ABOUT THIS TASK:
Pictures in the data should be dropped; transcribe exactly the lines from the one that has "Espelho de parede" through the one that has "20PCS AB Mix".

EXTRACTED INFORMATION:
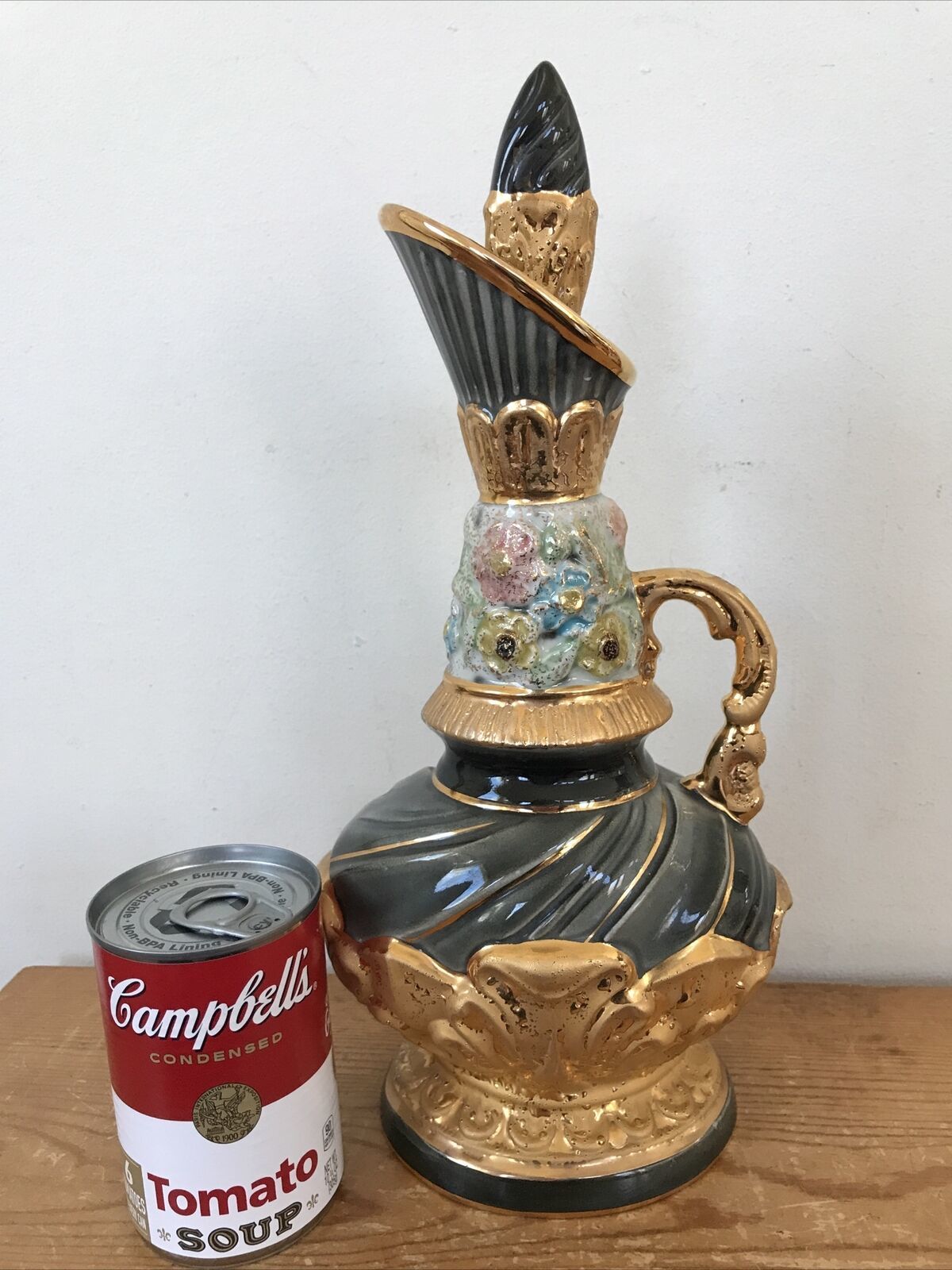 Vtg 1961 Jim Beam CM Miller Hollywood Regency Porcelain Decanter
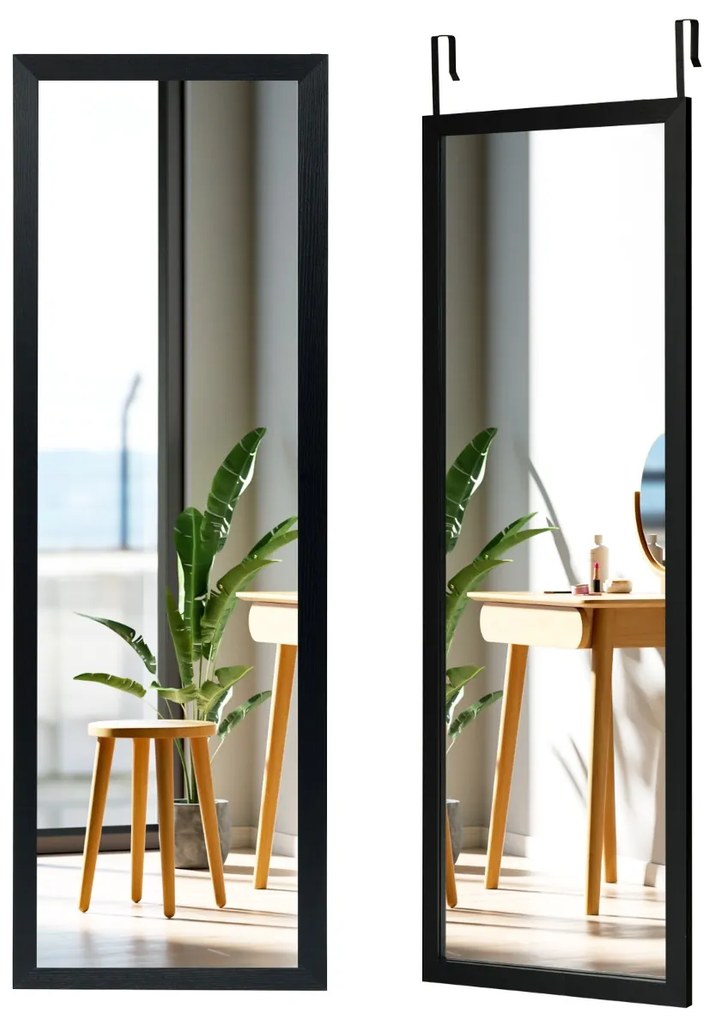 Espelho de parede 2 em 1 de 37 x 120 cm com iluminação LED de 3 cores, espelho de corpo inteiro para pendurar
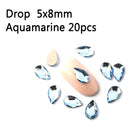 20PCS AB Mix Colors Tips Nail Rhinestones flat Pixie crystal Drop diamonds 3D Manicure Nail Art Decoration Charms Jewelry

---

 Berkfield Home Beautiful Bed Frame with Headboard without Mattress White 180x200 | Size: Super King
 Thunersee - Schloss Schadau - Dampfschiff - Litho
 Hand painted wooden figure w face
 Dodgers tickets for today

TASK RESPONSE:
 Espelho de parede 2 em 1 de 37 x 120 cm com iluminação LED de 3 cores, espelho de corpo inteiro para pendurar
 20PCS AB Mix Colors Tips Nail Rhinestones flat Pixie crystal Drop diamonds 3D Manicure Nail Art Decoration Charms Jewelry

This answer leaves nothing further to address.